These cases were recruited from a population of approximately 180 HH patients attending an endocrine clinic. We found a greater than expected number of IPD patients in this HH population. As the prevalence of IPD in the general population is approximately 1:1000 under the age of 65 years,10 and the majority of our HH patients (68%) were under this age, we would expect no more than one case of IPD in this population of HH patients. Despite this, these cases may represent the chance occurrence of two common diseases.
In our cases, while there was no fixed chronological relationship between the diagnoses, it seems likely that the diagnosis of HH lay undetected for several years. Cases 2 and 4 developed IPD 12 and 13 years respectively after diagnosis of HH. In cases 1 and 3, it is likely that systemic iron overload was present for some years before either diagnosis, given the hepatic siderosis confirmed by biopsy. Both diseases have a considerable incubation time during which pathological progression is clinically silent. The average age at diagnosis of HH was 58.5 years (range 49–70), while the average age at diagnosis of IPD was 60.25 years (range 55–63). Only in case 3 did the neurological manifestations precede the diagnosis of HH. Detection of HH in these cases was through family screening and serendipity. In the general HH population the average time from symptom onset to diagnosis of HH is 10 years.11 Therefore, development of HH probably preceded development of neurological symptoms in these four cases, including case 3. Of importance was the presence of systemic iron overload in all.
There have been three previous reports of concurrent parkinsonism and HH.2–4 These cases exhibited diverse clinical signs such as cognitive decline, fluctuating level of consciousness, ataxia, pyramidal deficits, and parkinsonism, therefore clearly not representing IPD. In contrast, our cases are characterised by typical age of onset, typical symptoms and signs, L-dopa responsiveness, gradual progression and no atypical features such as early postural instability, early freezing phenomena, hallucinations unrelated to medications in first 3 years, early dementia preceding motor symptoms, supranuclear gaze palsy, slowing of vertical saccades, or severe symptomatic dysautonomia unrelated to medications.

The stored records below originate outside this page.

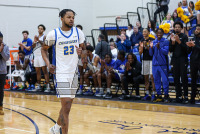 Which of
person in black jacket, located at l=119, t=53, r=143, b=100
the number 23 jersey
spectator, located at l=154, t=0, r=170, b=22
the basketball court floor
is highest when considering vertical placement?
spectator, located at l=154, t=0, r=170, b=22

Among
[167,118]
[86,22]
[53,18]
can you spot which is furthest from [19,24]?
[167,118]

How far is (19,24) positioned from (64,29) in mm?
13381

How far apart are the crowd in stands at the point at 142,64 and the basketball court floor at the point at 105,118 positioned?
0.72 m

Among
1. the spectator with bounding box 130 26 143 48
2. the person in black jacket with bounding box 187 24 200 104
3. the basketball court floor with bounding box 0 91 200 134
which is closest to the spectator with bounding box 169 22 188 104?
the person in black jacket with bounding box 187 24 200 104

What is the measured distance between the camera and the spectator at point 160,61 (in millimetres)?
9242

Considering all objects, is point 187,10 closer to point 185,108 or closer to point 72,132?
point 185,108

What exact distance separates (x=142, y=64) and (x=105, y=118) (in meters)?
3.13

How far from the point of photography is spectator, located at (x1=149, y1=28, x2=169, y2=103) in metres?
9.24

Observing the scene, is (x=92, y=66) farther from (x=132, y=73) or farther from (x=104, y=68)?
(x=132, y=73)

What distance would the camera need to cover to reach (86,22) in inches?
792

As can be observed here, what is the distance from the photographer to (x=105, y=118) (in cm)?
738

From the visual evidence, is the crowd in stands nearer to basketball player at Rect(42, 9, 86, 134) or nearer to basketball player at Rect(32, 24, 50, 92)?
basketball player at Rect(32, 24, 50, 92)

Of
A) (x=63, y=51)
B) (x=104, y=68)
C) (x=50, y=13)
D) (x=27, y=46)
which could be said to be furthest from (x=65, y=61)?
(x=50, y=13)

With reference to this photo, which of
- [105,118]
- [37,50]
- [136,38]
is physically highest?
[136,38] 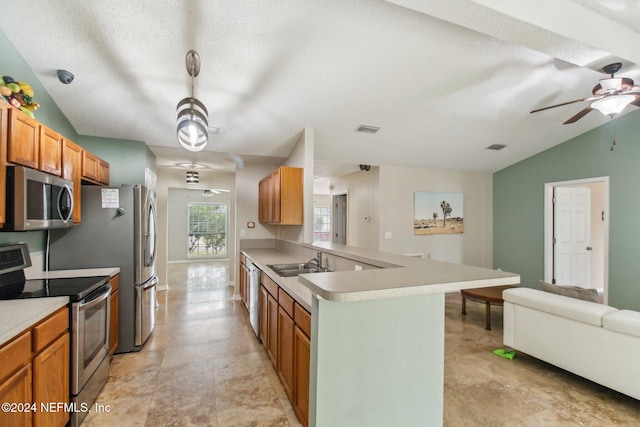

We acknowledge the presence of possible confounding factors in some of the cases. Cases 1 and 2 had risk factors for cerebrovascular disease (hypertension and Type II DM) but brain CT in both showed no evidence of cerebral ischaemia. Case 4 similarly had risk factors for atherosclerosis but brain CT did not show evidence of ischaemic changes within the left basal ganglia. In case 2, following -methyldopa withdrawal, the clinical signs persisted and progressed in a fashion typical of IPD rather than drug induced parkinsonism. None of the cases was taking psychotropic medications nor had neurological signs of liver disease.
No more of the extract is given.